Give the number of lines in the records below that include "Polynesian", and nothing more.

[Stored entries]
*** Block opens ***
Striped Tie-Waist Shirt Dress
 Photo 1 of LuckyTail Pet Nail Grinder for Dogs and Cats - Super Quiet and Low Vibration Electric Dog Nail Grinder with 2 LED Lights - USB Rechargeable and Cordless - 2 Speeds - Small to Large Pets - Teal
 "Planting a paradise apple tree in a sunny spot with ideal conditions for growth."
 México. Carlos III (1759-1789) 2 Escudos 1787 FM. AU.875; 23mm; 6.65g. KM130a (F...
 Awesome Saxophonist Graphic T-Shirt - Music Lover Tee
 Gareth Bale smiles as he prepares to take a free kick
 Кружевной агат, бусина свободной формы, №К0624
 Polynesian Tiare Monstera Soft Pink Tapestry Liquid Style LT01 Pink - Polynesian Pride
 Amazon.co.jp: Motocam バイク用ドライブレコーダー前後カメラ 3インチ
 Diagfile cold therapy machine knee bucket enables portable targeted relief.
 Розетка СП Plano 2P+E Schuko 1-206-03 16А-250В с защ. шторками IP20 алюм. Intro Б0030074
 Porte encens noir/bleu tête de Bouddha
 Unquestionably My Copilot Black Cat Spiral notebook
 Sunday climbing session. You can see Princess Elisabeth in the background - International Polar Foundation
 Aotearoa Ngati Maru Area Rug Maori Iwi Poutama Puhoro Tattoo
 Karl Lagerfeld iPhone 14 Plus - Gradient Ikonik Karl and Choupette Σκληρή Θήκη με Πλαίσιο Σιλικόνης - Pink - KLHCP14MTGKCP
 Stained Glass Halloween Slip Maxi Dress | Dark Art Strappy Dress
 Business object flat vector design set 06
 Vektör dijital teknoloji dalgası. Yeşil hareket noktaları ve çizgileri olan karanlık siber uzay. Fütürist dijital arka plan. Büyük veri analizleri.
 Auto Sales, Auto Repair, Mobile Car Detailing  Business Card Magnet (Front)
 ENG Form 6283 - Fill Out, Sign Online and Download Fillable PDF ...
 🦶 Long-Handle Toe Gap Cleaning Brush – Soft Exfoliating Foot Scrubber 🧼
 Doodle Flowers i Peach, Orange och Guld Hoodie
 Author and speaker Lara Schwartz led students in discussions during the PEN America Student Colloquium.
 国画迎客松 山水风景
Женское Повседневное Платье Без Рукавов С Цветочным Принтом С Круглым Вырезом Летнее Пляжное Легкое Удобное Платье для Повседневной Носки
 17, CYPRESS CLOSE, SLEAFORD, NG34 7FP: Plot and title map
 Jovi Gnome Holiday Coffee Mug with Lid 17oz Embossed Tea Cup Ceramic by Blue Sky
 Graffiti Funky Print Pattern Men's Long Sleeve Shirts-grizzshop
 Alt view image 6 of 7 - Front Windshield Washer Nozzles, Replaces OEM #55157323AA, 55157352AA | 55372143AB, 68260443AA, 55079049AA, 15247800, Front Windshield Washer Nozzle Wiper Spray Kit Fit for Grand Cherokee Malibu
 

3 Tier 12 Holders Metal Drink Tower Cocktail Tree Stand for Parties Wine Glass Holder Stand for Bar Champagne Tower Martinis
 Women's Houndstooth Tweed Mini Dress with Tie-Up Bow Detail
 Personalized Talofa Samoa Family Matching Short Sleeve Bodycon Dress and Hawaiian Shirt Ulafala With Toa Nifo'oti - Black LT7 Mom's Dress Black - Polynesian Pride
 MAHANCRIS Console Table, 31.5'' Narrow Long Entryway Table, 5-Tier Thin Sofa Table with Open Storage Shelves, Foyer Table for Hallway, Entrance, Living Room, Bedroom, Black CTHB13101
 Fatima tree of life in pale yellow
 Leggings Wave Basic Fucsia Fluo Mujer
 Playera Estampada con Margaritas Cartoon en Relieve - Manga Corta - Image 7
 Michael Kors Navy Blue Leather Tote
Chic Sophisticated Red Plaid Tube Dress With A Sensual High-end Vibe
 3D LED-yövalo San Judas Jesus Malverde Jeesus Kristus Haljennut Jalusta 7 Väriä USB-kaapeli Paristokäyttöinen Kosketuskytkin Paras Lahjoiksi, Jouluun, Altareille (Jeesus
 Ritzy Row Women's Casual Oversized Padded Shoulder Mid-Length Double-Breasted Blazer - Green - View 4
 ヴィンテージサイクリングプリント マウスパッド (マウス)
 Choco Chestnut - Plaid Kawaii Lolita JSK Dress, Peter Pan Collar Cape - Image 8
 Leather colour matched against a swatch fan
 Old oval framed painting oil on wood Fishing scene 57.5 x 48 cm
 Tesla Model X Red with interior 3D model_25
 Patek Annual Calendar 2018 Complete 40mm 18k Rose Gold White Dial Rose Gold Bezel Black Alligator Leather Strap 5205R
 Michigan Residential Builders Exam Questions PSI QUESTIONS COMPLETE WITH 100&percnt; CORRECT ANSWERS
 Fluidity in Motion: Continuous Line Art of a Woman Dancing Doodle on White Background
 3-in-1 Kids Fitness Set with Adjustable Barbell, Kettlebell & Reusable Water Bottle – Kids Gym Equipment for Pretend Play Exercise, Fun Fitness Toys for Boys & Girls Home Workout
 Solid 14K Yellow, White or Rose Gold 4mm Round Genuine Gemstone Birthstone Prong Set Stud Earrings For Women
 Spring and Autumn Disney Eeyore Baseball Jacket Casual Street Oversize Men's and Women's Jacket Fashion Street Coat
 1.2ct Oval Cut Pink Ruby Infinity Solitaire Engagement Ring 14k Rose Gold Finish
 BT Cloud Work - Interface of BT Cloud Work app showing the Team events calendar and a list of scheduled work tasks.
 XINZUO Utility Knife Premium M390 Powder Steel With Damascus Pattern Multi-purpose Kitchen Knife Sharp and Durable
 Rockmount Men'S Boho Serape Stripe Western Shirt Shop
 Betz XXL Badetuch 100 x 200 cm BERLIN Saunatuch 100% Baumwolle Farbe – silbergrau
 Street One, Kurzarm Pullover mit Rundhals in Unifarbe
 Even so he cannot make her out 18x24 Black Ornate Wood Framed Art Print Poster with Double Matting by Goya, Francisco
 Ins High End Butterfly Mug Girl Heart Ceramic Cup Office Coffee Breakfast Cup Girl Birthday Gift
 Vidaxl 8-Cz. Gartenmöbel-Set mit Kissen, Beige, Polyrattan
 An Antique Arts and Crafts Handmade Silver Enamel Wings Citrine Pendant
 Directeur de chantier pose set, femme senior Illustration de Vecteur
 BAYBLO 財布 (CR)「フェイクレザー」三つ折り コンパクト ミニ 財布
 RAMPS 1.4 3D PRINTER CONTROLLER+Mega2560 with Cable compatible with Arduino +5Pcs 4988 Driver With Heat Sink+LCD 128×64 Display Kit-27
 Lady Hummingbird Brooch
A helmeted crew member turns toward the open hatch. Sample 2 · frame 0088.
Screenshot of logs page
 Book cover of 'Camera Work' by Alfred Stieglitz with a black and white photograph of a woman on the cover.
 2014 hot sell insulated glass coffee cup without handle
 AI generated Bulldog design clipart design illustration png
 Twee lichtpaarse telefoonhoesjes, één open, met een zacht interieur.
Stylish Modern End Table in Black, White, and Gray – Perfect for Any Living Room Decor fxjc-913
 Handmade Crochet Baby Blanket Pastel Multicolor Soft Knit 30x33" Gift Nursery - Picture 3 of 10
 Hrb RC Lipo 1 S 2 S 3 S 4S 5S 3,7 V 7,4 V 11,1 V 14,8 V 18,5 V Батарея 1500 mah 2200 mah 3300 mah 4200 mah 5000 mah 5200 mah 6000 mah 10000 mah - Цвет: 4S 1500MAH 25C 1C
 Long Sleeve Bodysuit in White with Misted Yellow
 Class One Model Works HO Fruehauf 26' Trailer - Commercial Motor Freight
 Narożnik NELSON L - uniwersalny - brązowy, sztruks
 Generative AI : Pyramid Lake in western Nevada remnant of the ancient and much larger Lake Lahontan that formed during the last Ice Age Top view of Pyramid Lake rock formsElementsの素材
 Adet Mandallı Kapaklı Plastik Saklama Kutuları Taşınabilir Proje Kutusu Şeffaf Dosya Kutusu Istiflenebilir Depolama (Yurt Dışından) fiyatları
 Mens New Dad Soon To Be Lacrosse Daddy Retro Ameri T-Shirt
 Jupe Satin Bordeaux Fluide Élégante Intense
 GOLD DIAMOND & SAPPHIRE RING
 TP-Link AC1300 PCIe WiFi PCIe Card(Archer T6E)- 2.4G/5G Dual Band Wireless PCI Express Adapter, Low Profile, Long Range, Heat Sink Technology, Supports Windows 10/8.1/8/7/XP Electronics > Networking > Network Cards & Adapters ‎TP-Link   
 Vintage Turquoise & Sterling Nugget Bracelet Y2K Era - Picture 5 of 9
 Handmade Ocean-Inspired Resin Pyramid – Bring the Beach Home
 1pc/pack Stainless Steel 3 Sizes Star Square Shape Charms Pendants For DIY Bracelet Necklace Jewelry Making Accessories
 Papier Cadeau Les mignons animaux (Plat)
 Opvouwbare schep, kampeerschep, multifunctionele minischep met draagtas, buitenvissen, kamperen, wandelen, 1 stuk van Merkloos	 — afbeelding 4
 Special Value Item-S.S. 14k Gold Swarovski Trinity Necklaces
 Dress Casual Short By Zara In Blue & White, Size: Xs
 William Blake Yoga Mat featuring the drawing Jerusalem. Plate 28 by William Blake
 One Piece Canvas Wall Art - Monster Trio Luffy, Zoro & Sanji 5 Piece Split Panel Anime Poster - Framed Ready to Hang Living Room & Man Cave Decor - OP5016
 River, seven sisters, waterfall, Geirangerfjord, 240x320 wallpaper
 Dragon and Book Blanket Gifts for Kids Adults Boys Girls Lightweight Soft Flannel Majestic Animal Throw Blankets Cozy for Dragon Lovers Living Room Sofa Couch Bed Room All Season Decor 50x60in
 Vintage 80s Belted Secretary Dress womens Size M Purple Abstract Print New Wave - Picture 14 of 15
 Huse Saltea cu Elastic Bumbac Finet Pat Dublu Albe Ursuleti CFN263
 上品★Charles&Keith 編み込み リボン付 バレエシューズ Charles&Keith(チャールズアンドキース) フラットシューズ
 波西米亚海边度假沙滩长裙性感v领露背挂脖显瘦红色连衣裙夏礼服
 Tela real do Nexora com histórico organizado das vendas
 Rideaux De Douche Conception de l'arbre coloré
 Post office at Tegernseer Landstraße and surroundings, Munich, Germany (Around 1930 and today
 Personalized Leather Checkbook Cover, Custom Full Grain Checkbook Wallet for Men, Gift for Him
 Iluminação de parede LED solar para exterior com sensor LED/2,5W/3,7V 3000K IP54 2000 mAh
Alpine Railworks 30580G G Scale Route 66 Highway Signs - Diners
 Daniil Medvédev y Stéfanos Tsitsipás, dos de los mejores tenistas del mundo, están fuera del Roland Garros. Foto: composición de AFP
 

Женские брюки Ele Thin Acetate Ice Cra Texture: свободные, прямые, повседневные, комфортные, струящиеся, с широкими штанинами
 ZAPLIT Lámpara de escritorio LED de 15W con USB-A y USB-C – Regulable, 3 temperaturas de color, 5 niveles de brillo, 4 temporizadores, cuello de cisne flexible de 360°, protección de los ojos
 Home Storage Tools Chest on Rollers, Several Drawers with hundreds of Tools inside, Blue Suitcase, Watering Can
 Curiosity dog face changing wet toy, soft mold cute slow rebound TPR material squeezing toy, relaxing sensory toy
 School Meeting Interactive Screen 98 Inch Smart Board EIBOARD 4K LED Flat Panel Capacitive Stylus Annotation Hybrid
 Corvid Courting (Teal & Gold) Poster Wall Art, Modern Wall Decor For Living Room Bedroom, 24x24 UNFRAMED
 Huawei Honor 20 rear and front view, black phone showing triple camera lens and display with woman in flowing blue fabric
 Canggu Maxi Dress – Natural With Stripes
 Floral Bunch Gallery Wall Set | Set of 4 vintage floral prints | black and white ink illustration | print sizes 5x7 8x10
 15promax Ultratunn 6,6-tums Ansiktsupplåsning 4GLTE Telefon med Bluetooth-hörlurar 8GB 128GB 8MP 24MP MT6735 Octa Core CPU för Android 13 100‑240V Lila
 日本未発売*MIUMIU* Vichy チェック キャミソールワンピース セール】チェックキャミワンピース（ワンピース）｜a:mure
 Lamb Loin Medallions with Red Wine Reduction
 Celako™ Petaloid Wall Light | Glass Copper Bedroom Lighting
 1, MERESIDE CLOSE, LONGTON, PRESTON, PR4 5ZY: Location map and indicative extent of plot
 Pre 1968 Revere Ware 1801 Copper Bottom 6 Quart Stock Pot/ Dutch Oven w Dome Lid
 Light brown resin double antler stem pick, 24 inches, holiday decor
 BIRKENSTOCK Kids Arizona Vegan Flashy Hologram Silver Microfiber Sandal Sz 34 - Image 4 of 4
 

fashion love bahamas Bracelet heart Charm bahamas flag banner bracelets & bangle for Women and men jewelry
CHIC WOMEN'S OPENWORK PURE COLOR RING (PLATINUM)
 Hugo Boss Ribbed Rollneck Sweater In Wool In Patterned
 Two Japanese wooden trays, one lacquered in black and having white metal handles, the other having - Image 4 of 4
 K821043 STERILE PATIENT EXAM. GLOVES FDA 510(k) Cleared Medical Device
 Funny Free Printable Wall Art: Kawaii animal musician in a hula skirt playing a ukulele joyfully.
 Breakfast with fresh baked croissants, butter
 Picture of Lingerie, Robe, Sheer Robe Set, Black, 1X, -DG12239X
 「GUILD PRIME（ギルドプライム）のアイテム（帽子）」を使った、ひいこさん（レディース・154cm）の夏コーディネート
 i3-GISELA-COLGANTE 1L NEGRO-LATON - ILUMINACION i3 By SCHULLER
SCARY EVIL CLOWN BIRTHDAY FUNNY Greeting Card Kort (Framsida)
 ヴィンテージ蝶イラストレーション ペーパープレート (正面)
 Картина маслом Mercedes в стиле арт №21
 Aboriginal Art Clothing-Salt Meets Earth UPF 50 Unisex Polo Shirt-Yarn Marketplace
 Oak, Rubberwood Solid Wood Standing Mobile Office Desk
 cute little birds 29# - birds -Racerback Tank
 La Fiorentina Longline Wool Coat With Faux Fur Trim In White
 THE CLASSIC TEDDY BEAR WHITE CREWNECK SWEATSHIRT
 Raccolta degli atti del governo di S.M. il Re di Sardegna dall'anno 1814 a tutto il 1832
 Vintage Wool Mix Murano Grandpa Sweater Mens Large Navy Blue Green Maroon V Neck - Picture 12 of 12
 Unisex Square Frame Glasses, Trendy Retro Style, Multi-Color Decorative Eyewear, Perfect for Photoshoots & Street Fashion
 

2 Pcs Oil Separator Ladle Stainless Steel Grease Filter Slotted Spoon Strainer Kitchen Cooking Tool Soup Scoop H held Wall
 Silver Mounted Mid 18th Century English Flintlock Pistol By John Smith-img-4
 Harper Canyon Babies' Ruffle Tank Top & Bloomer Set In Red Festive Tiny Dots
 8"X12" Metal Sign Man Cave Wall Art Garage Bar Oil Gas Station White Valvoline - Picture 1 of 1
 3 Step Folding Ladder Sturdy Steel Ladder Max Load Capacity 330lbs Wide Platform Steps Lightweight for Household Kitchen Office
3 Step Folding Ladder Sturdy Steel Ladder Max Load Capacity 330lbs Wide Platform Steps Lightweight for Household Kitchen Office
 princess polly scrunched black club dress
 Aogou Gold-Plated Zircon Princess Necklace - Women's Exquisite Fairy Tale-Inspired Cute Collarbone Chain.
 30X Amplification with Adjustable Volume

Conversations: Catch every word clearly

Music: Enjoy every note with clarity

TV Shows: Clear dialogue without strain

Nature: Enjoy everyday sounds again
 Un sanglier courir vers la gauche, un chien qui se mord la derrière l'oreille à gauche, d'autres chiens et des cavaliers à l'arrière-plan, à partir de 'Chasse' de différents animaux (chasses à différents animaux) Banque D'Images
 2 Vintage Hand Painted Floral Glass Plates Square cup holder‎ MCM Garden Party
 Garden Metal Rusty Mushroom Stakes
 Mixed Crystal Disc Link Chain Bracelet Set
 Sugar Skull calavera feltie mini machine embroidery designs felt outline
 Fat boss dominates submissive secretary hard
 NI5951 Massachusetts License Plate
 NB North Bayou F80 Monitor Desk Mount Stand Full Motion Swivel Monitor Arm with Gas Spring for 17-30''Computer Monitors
*** Block closes ***
Answer
2